The scale of the loss of a one hundred year heritage has yet to be comprehended. The current Commonwealth Bank colossus contains a panoply of previously independent publicly-owned banking institutions. In the early days, the bank absorbed the state savings bank of Tasmania (1912), the state savings bank of Queensland (1920), the savings bank business of the Savings Bank of NSW and the State Savings Bank of WA (1931). Post-deregulation, the bank absorbed the separate Commonwealth Development Bank as a subsidiary (late 1980s?) which it then subsequently destroyed. It absorbed the hallowed State Savings Bank of Victoria (dating from 1842), it having been debilitated by deregulation (1992). It absorbed the Rural Bank of NSW (takeover of Colonial which took over the State Bank of NSW, the Rural Bank’s later incarnation)(2000). Finally, it absorbed the WA Rural & Industries Bank, via its privatised incarnation as BankWest (2008).
The bank has embodied, catered to, then vanquished the hopes of those who wanted a public institution that served the broader public purpose and which accommodated commercial imperatives to an extent, but transcended private sector constraints (or what the pundits quaintly call ‘market failure’). The Commonwealth Bank is not an institution committed to the commonweal, and its name is a flagrant misnomer.

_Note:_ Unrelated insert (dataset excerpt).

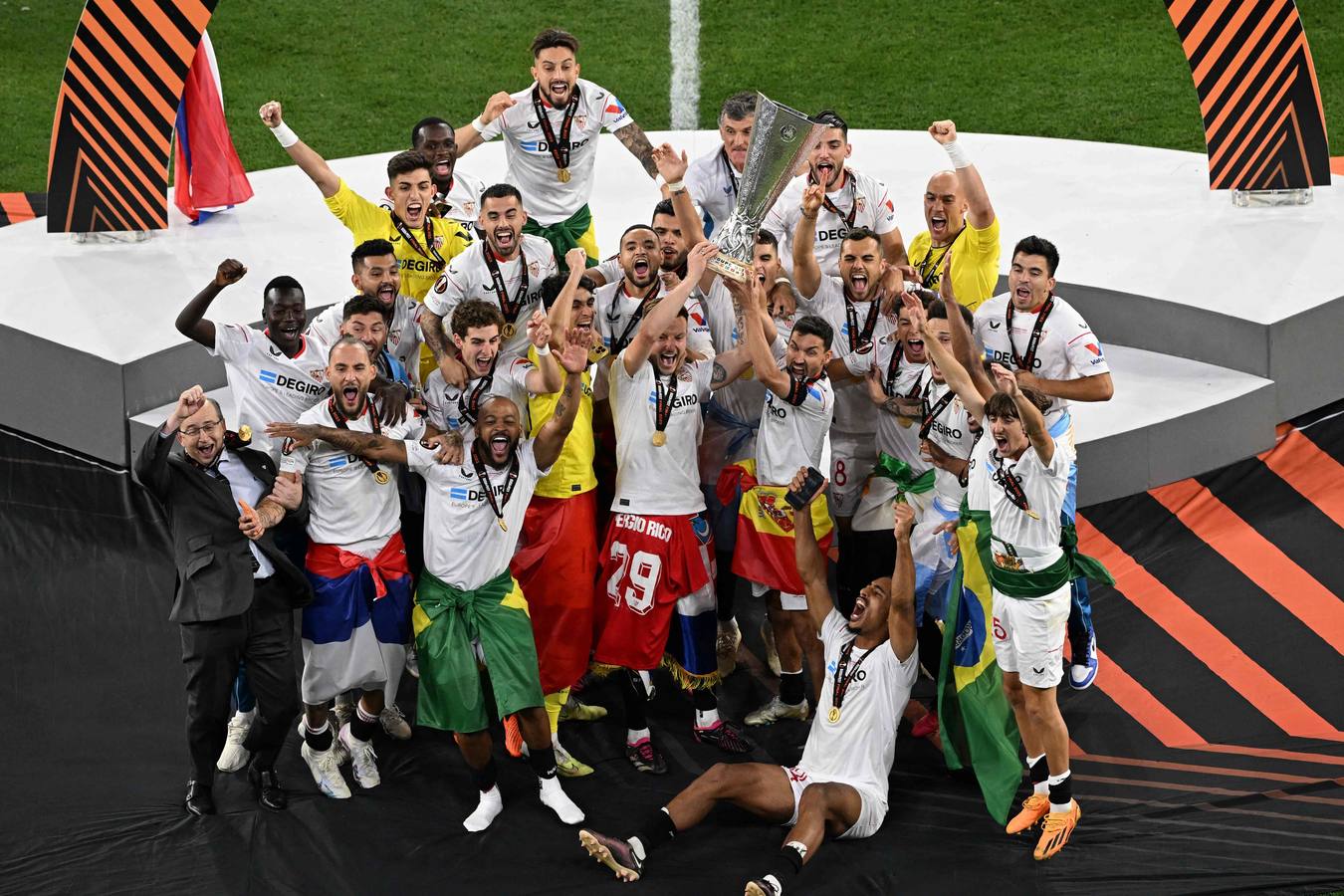 El Sevilla F.C. celebra su séptima Europa League en Budapest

Apparently the Commonwealth Bank has recently pursued an enlightened hiring agenda for revitalising its senior management ranks. It has taken to employing personnel sourced globally, and with formal tertiary education across the spectrum rather than purely with business/financial degrees. Well and good. But the bank has developed over the years a heavily centralised culture in which feedback from below is impossible. And the appetite for corrupt practices is in the upholstery. As with the NAB, senior management come and go, but the dysfunctional dimensions of the bank’s corporate culture get reproduced across the generations regardless.
The Commonwealth Bank, and its siblings amongst the Big Four, now dictates policy to governments and regulators, rather than the other way around.
The outcome of BankWest’s victims’ struggle for justice against this integrity-free elephant is of enormous significance to the prospects of a functioning financial system in Australia in the immediate future.